*What is required*
Repeat every line from the line containing "Hengende skap med" to the end of the data, exactly. Leave the pictures out.

══ Data below ══

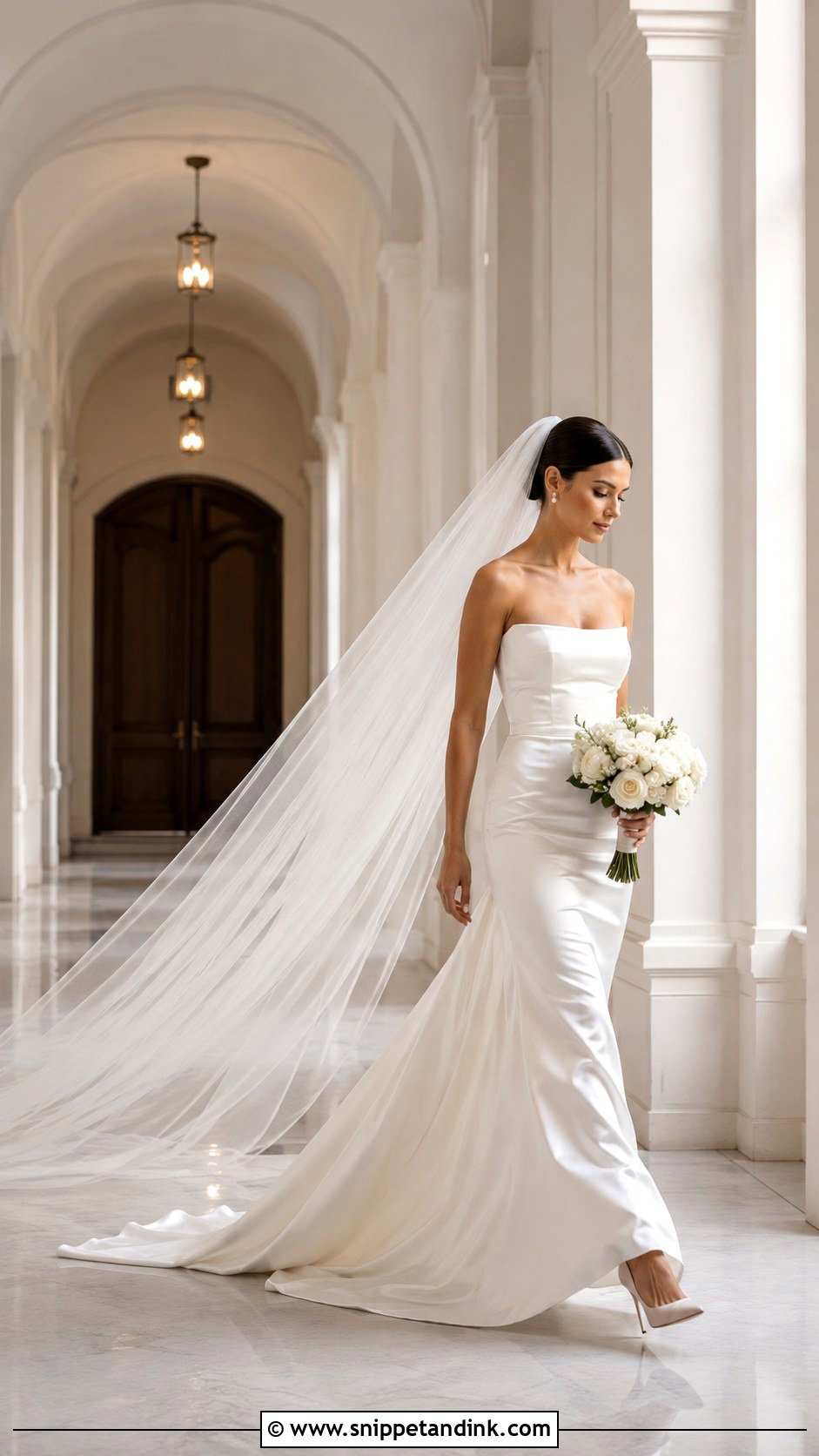Wedding Dress With Cathedral Veil - Snippet and Ink - 25 Hayley Bieber Wedding Dress Ideas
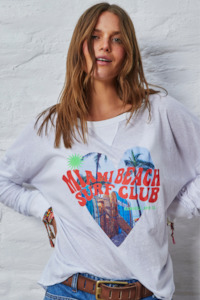 Hammill Co: Miami Long Steeve Tee Shirt - White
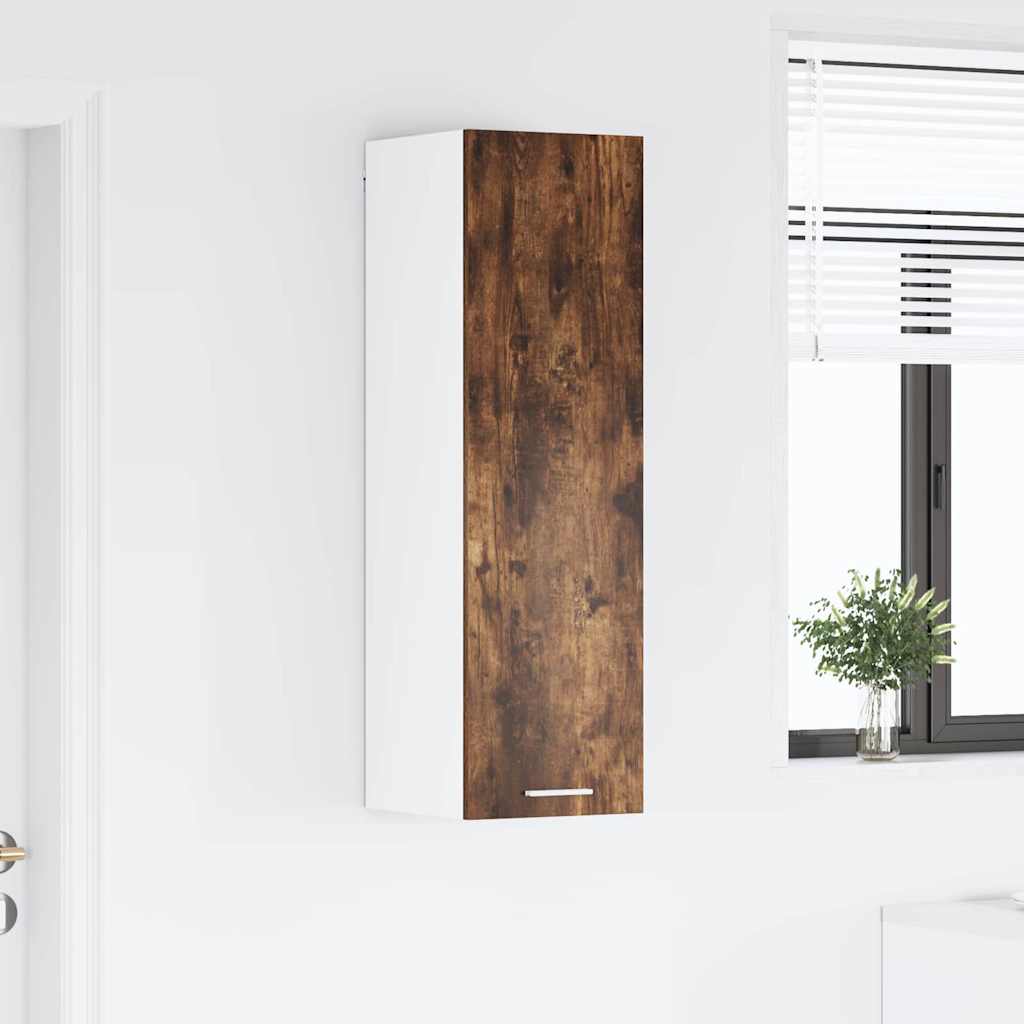Hengende skap med dør Røkt eik 30 x 31 x 100 cm Konstruert tre
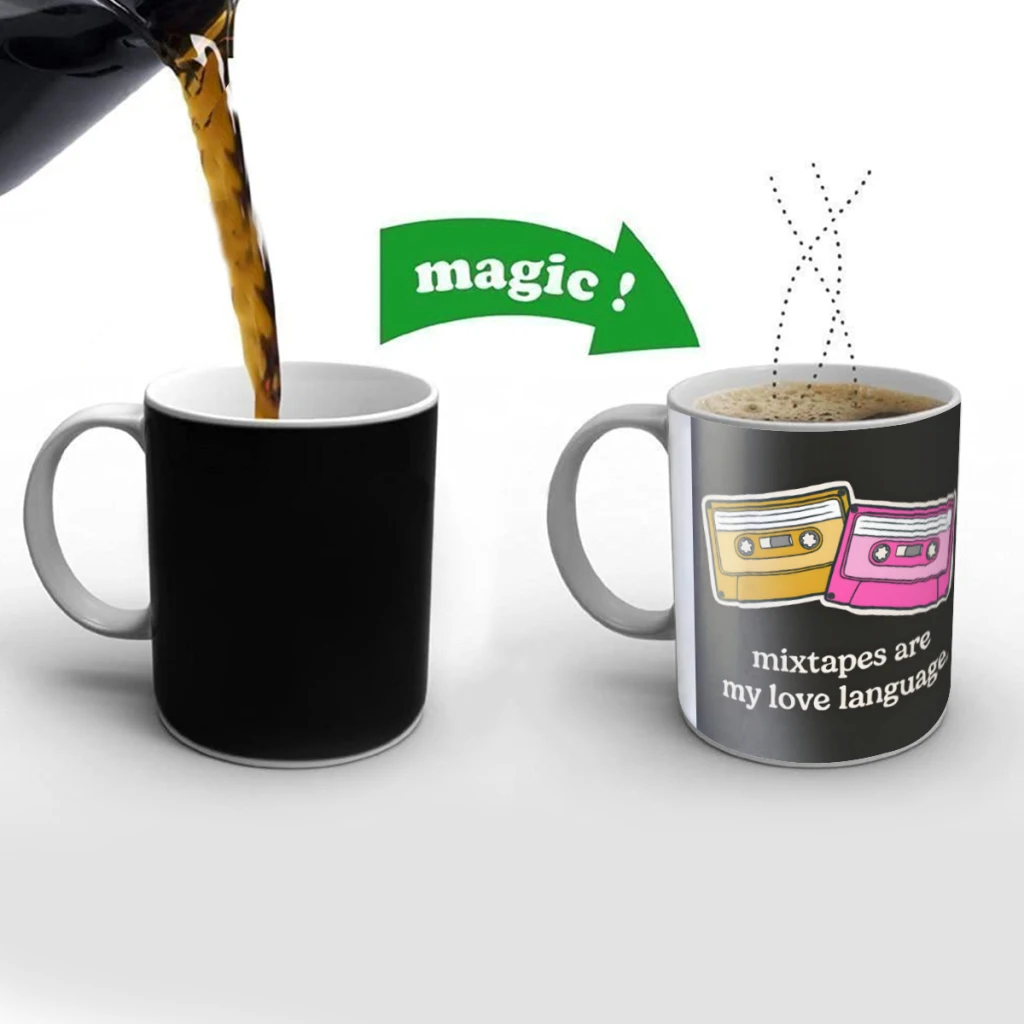 

Mixtapes Are My Love Creativity Change Color Chang mug Ceramic mug Hot Coffee Cup Breakfast Cup Mug Friend Gift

═══

*Result for this exercise*
Hengende skap med dør Røkt eik 30 x 31 x 100 cm Konstruert tre

Mixtapes Are My Love Creativity Change Color Chang mug Ceramic mug Hot Coffee Cup Breakfast Cup Mug Friend Gift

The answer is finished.